Most Americans have heard the term Common Core Standards (CCS), but many have little idea what those standards are, who created them, or what is troubling about those standards, which are a significant step in the movement toward nationalizing public education. What’s remarkable is that this governmental overreach is managing to achieve the nearly impossible: unify the political left and right. Even the extreme leftwing Wisconsin-based Rethinking Schools says that the process by which these standards were developed involved “‘too little honest conversation and too little democracy.’” CCS with their yawn-inducing name are anything but innocuous. Americans best turn off their televisions and spend a little time looking at the history, players, and problems associated with the adoption of these standards while there’s still time to jump ship.

Thanks to the concerted efforts of a relatively small number of vigilant individuals and organizations, a groundswell of bipartisan opposition to this effort is intensifying and with good reason. There are huge problems with adopting Common Core Standards, including the vast expansion of government bureaucracy, loss of local control over education, high costs of implementation, invasive individual tracking of children, and the dumbing down of curricula that will follow in the wake of this Bill and Melinda Gates/Barack Obama/Arne Duncan power grab.
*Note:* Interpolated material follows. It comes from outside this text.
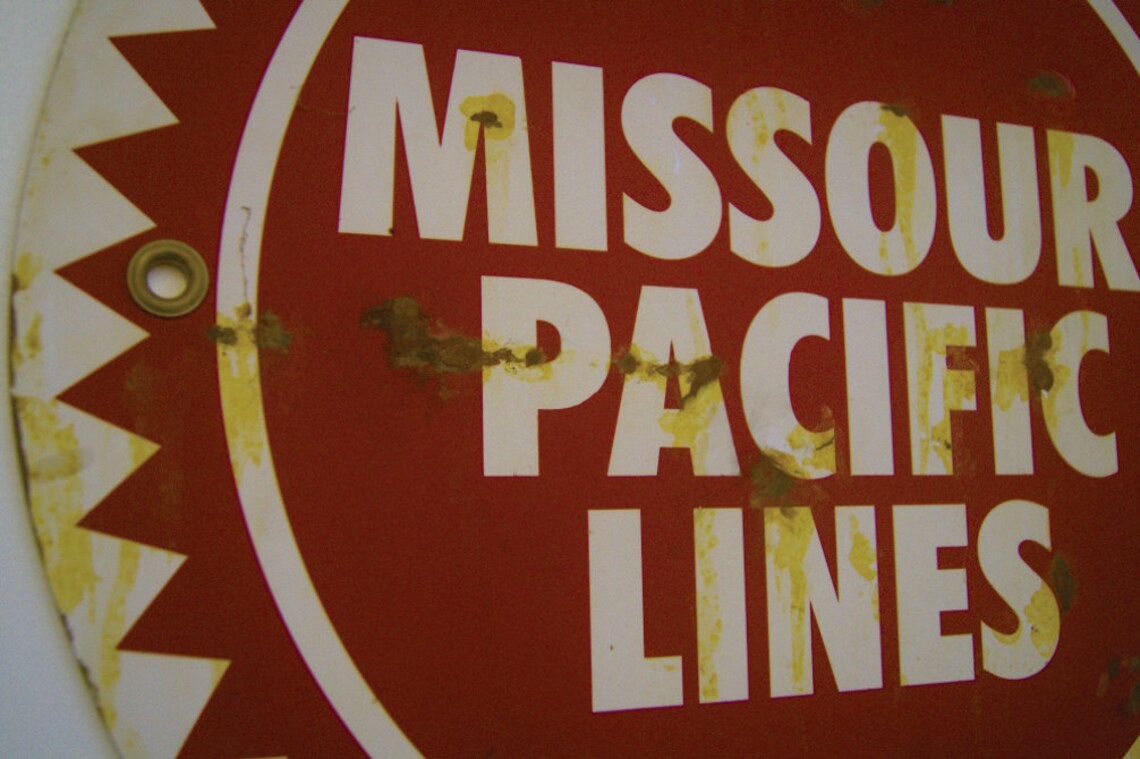 18 Hand Painted Missouri Pacific Railroad Metal Sign Etsy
Four states (Alaska, Nebraska, Texas, and Virginia) have rejected CCS. Minnesota has rejected the Common Core math standards, and Alabama, Georgia, Indiana, and South Dakota are revisiting the implementation of them. As constituent knowledge of CCS increases, so does constituent opposition. (Their opposition extends also to curricula like those developed by CSCOPE).

The deeper one digs into this labyrinthine and incestuous story, the more confusing it becomes, so a few preliminary statements are in order.

First, I will not include—nor could I include—every detail about this story.

Second, when discussing those who stand to profit financially from the CCS initiative, please don’t think IFI is criticizing capitalism. Profit-making becomes profiteering when the process is insulated from market forces. Our concern is the absence of free market forces in the development and sale of curricular, testing, and professional development (i.e., teacher-training) materials. These materials, which align with the CCS, have already been produced—though not tested—and are now available even though the CCS are not scheduled to be implemented until the 2014-2015 school year.

Third, we and many others are concerned that this has been a top-down initiative largely concealed during its planning phase from state stakeholders. Education becomes corrupted when concealed from major stakeholders, which is to say, parents and other taxpayers.

 Background:

There appears to be an unholy alliance between purported non-profit education organizations; for-profit businesses that produce curricula, testing materials, and teacher-training materials; our government schools; and our elected leaders, which needs to be untangled and exposed.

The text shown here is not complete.